Dopo l’unità d’Italia, il paese soffriva ancora di epidemie di colera, essendo vicino al fiume Simeto e, praticamente, nella pianura di Catania. Vennero fatti progetti di bonifica della pianura alla fine del secolo, attuati, però, solo nei successivi decenni del XX secolo. Con l’aumento della superfice coltivabile, furono create vaste aree ad agrumeti. Questa opportunità attrasse contadini e braccianti dai paesi limitrofi e dalle province di Messina ed Enna.

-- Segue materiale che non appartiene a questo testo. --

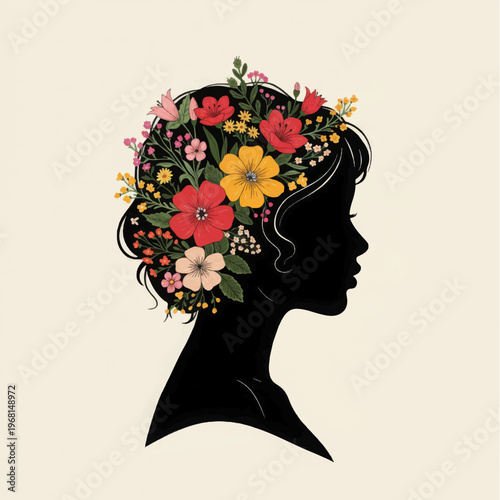 Vintage Woman Silhouette Profile with Vibrant Botanical Flowers. Black Female Head Illustration Representing Nature, Beauty, and Growth.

Nella prima metà del Novecento, Paternò conobbe un periodo più protettivo solo negli anni successivi al 1936, dopo le Sanzioni economiche, quando il fascismo avviò la politica autarchica. La produzione agrumaria venne incentivata, coinvolgendo anche le zone di Paternò (non vi era più concorrenza straniera).

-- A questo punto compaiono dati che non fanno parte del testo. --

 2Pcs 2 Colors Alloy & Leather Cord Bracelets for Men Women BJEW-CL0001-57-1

Nel primo conflitto mondiale furono 600 i paternesi a perdere la vita nelle trincee, ma fu il secondo conflitto a provocare una dura rovina. Nella conquista dell’isola siciliana da parte degli Alleati, si registrarono pesanti bombardamenti a Paternò. Dal 14 luglio del 1943 fino al 3 agosto, aerei anglo-americani bombardarono il paese etneo. Con il ritiro delle truppe tedesche e l’arrivo dei soldati inglesi, la situazione si normalizzò. La realtà seguente era disastrosa: ben l’80% del paese era in rovina.  Sotto le macerie furono trovate più di 4.000 vittime, e si contarono ben
2.320 feriti. Questi dati, comunque, sono stati contestati dal giornalista paternese Ezio Costanzo, che, dopo attente ricerche demografiche, ritiene che i morti causati dai bombardamenti non abbiano superato le  500 vittime.

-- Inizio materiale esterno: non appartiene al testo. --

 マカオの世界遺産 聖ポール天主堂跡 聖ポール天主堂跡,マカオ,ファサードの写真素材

Ricostruzione e nuova urbanistica
Alla fine della guerra, la vera ricostruzione avvenne negli anni tra il ’60 e ’70 del secolo. Venne applicata una nuova urbanistica e l’edificazione di alcuni nuovi quartieri. In quegli anni la ricostruzione fu anche disordinata e spesso abusiva. Quando il piano regolatore fu rispettato i risultati sono stati apprezzabili. E’ il caso del quartiere Ardizzone, a nord di Paternò, ricco di servizi e verde urbano. Negli anni novanta lo sviluppo del centro in periferia, però, ha causato lo spopolamento del centro storico, quasi dimezzato come numero di abitanti (dal dopoguerra agli anni di fine secolo).
Sul dito di Paternò nel 2005 fu prevista la realizzazione di un termovalorizzatore per lo smaltimento dei rifiuti. Più o meno in un area archeologica e naturale come quella del Simeto. Dopo tre anni di contestazione popolare, la Regione siciliana ha annullato il progetto (anche in odore di mafia).